Les données du tableau ci-dessus en témoignent. Elles indiquent
aussi qu'en marge des règles de retour à chaque industriel au
sein du GIE Airbus -voir supra-, il existe une disproportion entre les chiffres
d'affaires générés par Airbus chez Aérospatiale et
DASA au profit de la première quand, pourtant, les deux entreprises ont
des droits équivalents dans le consortium (37,9 %).
Cette situation est d'ailleurs à l'origine de différents conflits
dont l'un, important, tient aux divergences d'intérêt qu'elle fait
naître entre les partenaires. On sait, en effet, que les entreprises du
GIE bénéficient de deux types de rémunérations du
fait de leur participation dans Airbus : l'une qui provient des ventes au
consortium qu'elles réalisent ; l'autre qui provient de la
redistribution des profits du consortium en fonction de leurs droits sociaux.
Les entreprises dont l'activité au profit du GIE est proportionnellement
supérieure à leurs droits dans Airbus ont intérêt
à pratiquer les prix de cession les plus élevés alors que
la situation inverse prévaut pour les autres.
En tout cas, la dépendance de chaque entreprise par rapport à
Airbus est très variable comme le montre le tableau ci-après
réalisé avant les opérations Aérospatiale-MHT et
BAe-GEC.
Part
du chiffre d'affaires Airbus dans le total du chiffre d'affaires
des trois
grandes sociétés en 1997
Aérospatiale |
48 % |
BAe |
16 % |
DASA |
28 % |
Cette inégalité de dépendance sous l'angle du volume d'activité n'est pas démentie lorsqu'on examine les contributions aux résultats.

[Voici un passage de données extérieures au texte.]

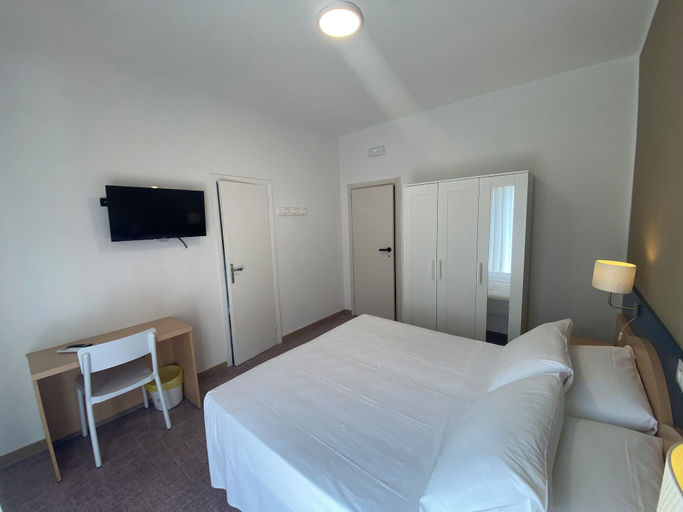 Room 2, Primo Hotel, Livorno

Éléments relatifs aux résultats
d'exploitations
des trois grandes sociétés (en
1997)
|
Résultat d'exploitation |
Contribution d'Airbus |
|
|
|
Niveau |
en % |
Aérospatiale |
1.066 |
1.131 18( * ) |
106 |
BAe (1) |
5.253 |
|
|
DASA (1) |
1.451,5 |
|
|
Même si sous ce rapport ni DASA ni BAe ne communiquent
les
résultats de leur participation à l'activité d'Airbus, il
n'est guère douteux que, au moins pour BAe, l'ampleur de ceux-ci n'est
pas du même ordre que pour Aérospatiale.
Le panorama offert par les industriels pourrait être résumé
à partir des caractéristiques suivantes :
une industrie britannique dominée par une entreprise fortement
orientée vers la défense et intégrée verticalement
(BAe) ;
une industrie française animée par une entreprise à
vocation plus commerciale qui, du fait des concentrations récentes, a
diversifié ses activités (Aérospatiale - MHT) ;
une industrie allemande disposant d'une entreprise au portefeuille
d'activités de dimension très significative et
diversifiées qui doit néanmoins faire des choix
stratégiques ;
des industries, l'espagnole, l'italienne, la suédoise, abritant des
acteurs disposant de savoir-faire incontestables mais sous-dimensionnés
et parfois insuffisamment intégrées aux alliances
européennes.
Différentes par leurs activités, les entreprises
européennes le sont aussi par leur culture managériale.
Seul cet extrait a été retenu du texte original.